◆ Work order ◆
Once the images are removed, repeat all of the entries exactly.

◆ Material for the task ◆
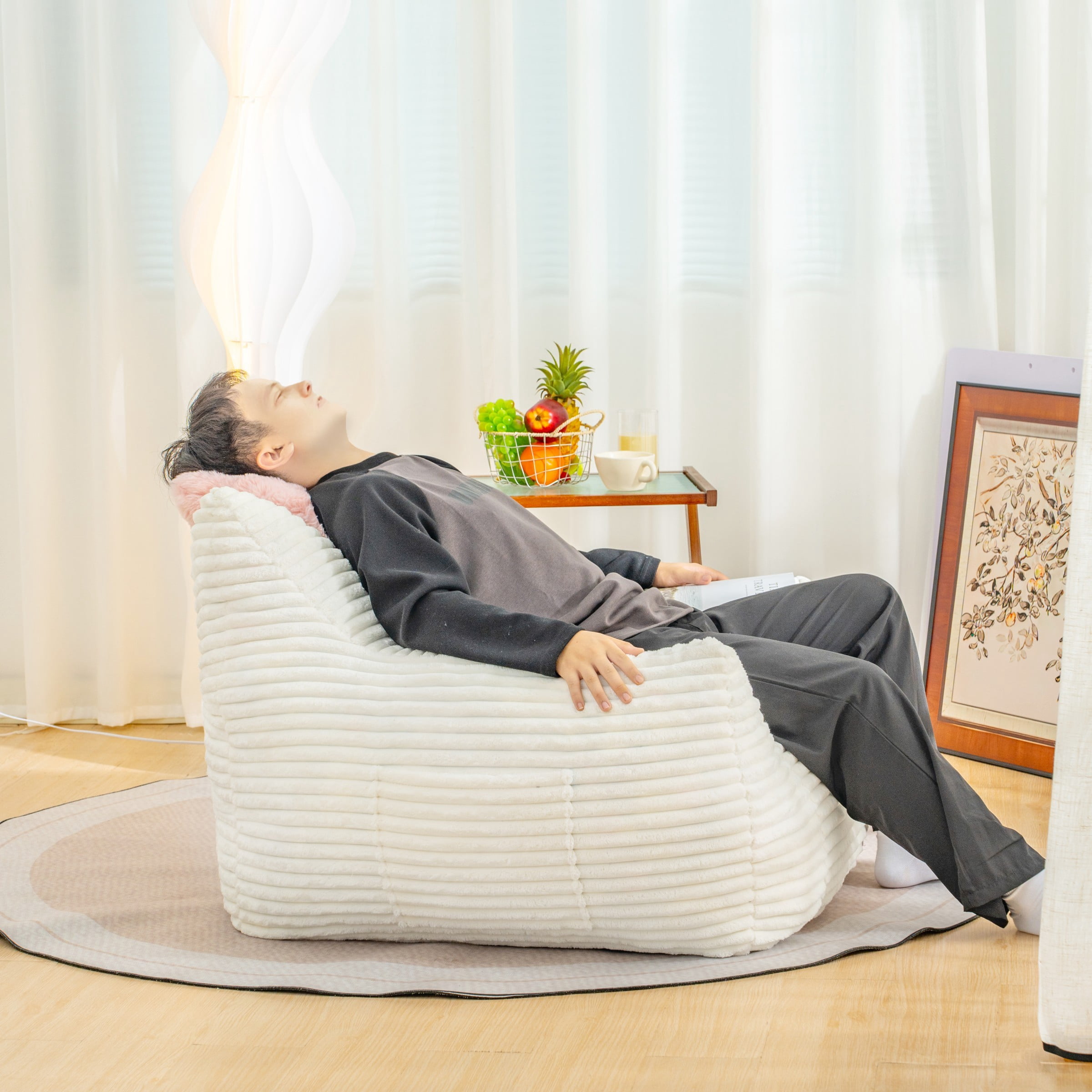 Oversized Bean Bag Chair for Adults with Armrests, Comfy Foam Lounge Sofa Chair for Living Room Bedroom Dorm, White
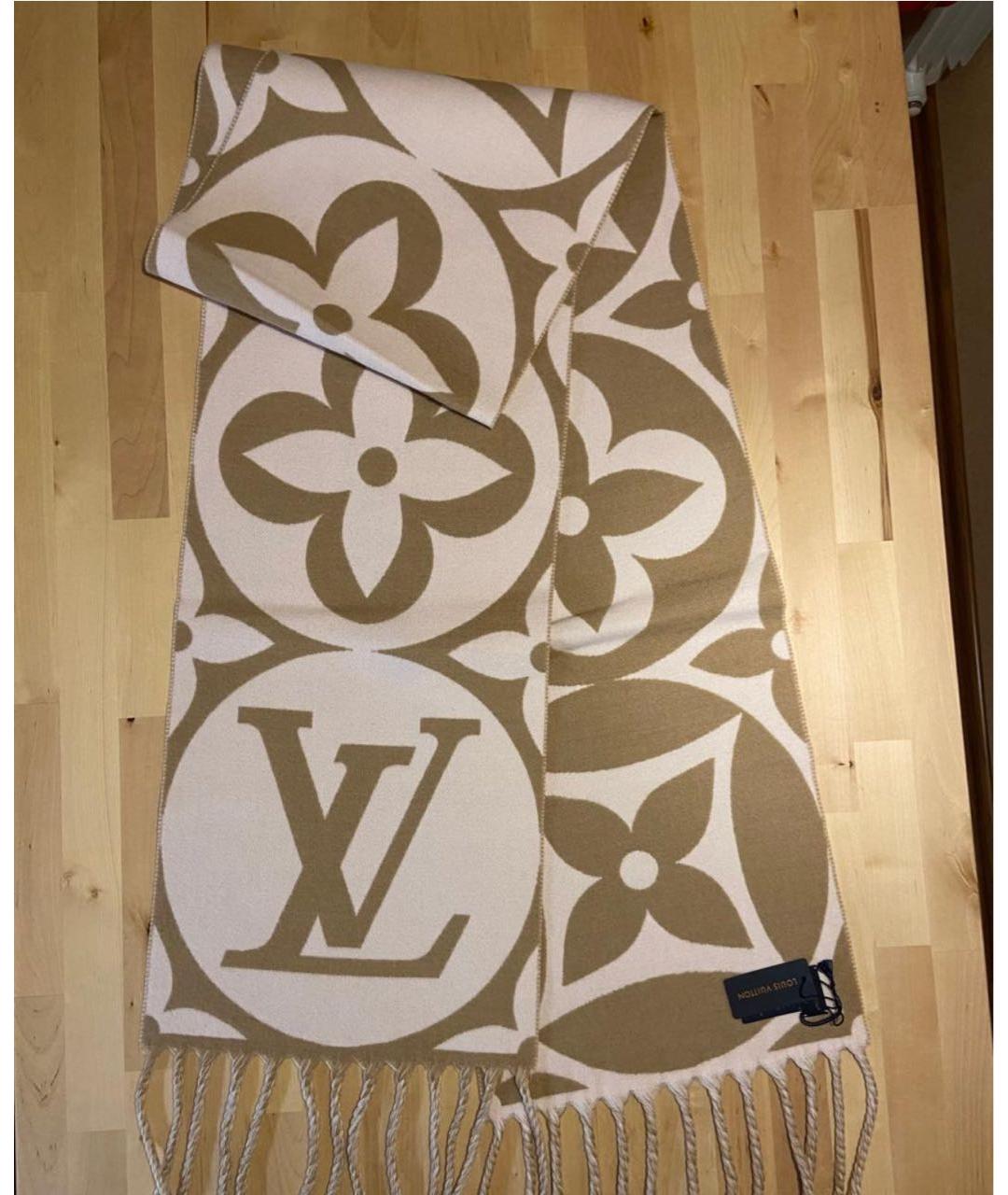 LOUIS VUITTON Бежевый шерстяной шарф, фото 5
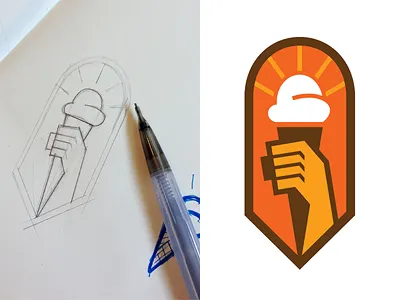 Conference 'N Cream autumn badge fall general conference ice cream lds logo mormon vector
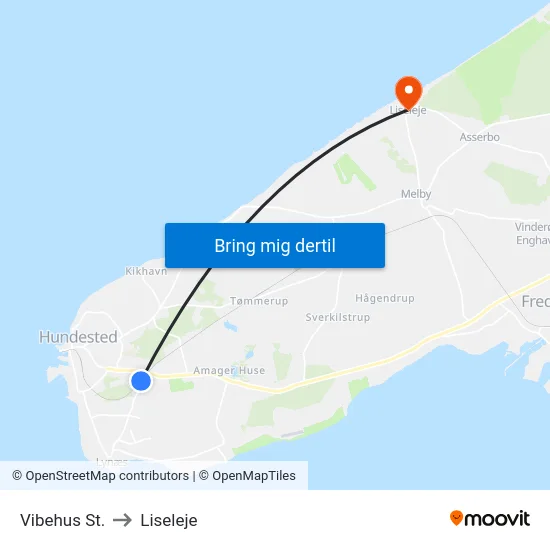Vibehus St. to Liseleje map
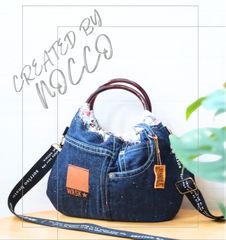 No.97【ニコちゃんパッチワークデニムリメイクバッグ🛍️】大サイズ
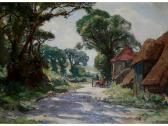 MOSS Sidney Dennant 1884-1946,POULTRY AND A FARM CART ON A SUMMER LANE,1936,Lawrences GB 2011-01-21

◆ Expected answer ◆
 Oversized Bean Bag Chair for Adults with Armrests, Comfy Foam Lounge Sofa Chair for Living Room Bedroom Dorm, White
 LOUIS VUITTON Бежевый шерстяной шарф, фото 5
 Conference 'N Cream autumn badge fall general conference ice cream lds logo mormon vector
Vibehus St. to Liseleje map
 No.97【ニコちゃんパッチワークデニムリメイクバッグ🛍️】大サイズ
 MOSS Sidney Dennant 1884-1946,POULTRY AND A FARM CART ON A SUMMER LANE,1936,Lawrences GB 2011-01-21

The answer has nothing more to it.